AbstractsPolitical Science

Science and Policy in the International Framing och the Climate Change Issue; Vetenskap och politik i den internationella inramningen av klimatförändringarna

by Emma Larsson

Institution: Linköping University
Year: 2004
Keywords: Interdisciplinary studies; IPCC; FCCC; problem framing; science; policy; TVÄRVETENSKAP; Social Sciences; Other Social Sciences; Social Sciences Interdisciplinary; Samhällsvetenskap; Annan samhällsvetenskap; Tvärvetenskapliga studier; INTERDISCIPLINARY RESEARCH AREAS; TVÄRVETENSKAPLIGA FORSKNINGSOMRÅDEN; Miljövetarprogrammet (D-uppsats); Master of Science Thesis, Environmental Science Programme; samhälle/juridik; samhälle/juridik
Record ID: 1332818
Full text PDF: http://urn.kb.se/resolve?urn=urn:nbn:se:liu:diva-2527


The IPCCand the FCCC are both central institutions in the international handling of the climate change issue. How these institutions frame and define the climate change issue is decisive for the action taken in response.

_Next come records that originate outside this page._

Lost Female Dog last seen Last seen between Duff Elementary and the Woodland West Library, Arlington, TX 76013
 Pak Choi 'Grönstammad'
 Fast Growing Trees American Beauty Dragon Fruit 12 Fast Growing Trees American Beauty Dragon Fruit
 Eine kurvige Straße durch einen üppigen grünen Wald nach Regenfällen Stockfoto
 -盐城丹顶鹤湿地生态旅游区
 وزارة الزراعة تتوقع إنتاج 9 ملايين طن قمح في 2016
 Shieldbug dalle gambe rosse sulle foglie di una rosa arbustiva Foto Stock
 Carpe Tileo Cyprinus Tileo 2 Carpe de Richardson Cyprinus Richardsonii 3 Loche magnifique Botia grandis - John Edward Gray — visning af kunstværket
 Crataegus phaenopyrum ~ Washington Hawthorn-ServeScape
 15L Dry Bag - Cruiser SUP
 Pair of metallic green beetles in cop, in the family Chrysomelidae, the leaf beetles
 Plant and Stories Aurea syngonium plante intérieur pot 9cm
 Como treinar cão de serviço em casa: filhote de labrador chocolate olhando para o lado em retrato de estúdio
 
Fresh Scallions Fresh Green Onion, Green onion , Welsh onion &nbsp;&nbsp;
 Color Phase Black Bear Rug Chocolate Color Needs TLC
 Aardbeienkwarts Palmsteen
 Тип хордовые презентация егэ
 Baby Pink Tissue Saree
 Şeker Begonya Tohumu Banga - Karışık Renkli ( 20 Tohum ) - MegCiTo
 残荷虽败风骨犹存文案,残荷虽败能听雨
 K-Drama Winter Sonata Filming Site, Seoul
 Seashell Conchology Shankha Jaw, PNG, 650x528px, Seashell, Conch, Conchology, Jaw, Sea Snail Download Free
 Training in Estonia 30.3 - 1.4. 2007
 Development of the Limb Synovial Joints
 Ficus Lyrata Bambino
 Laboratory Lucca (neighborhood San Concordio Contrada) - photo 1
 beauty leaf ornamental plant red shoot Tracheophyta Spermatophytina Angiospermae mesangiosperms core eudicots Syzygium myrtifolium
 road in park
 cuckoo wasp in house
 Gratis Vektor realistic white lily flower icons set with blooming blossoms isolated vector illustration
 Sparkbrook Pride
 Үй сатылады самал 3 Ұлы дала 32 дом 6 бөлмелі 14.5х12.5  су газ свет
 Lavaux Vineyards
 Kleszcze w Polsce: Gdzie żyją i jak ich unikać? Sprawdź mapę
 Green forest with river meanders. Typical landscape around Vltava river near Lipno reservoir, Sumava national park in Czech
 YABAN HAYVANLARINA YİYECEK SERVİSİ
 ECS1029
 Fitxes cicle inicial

The aim of this thesis was to analyze and describe how the climate change problem is framed and defined within the FCCC and the IPCC. Furthermore, the aim was also to examine if there are any differences between the IPCC’s and the FCCC’s framings and definitions of the climate change problem, and if so, what those differences consist of. The analysis was based on a line of documents from the IPCC and the FCCC, which were analyzed through a qualitative textual analysis. The results of the analysis indicate that there are both similarities and dissimilarities between the institutions. The definitions of the term climate change differ in the sense that the FCCC only regards human-induced changes in climate, as climate change. The IPCC, on the other hand, includes both natural variability and human-induced changes in its definition of climate change. In the practical usage the definitions are similar, and the results indicate that the IPCC in practice has adopted the FCCC’s definition and only focuses on anthropogenic climate change. The climate change issue is by both of the institutions perceived as a greenhouse gas question, and the consequences are described as very extensive and serious. The FCCC gives advantages to mitigative responses in relation to adaptive, and also the IPCC describes mitigative responses as advantageous. Finally, the study indicates that there is a linking between the scientific and political spheres, which is extended by the fact that the FCCC’s definition of climate change creates a demand for scientific input in the decision-making process. The science and policy relationship builds upon mutual expectations of what the respective spheres can contribute with in terms of useful knowledge and policy-relevant questions.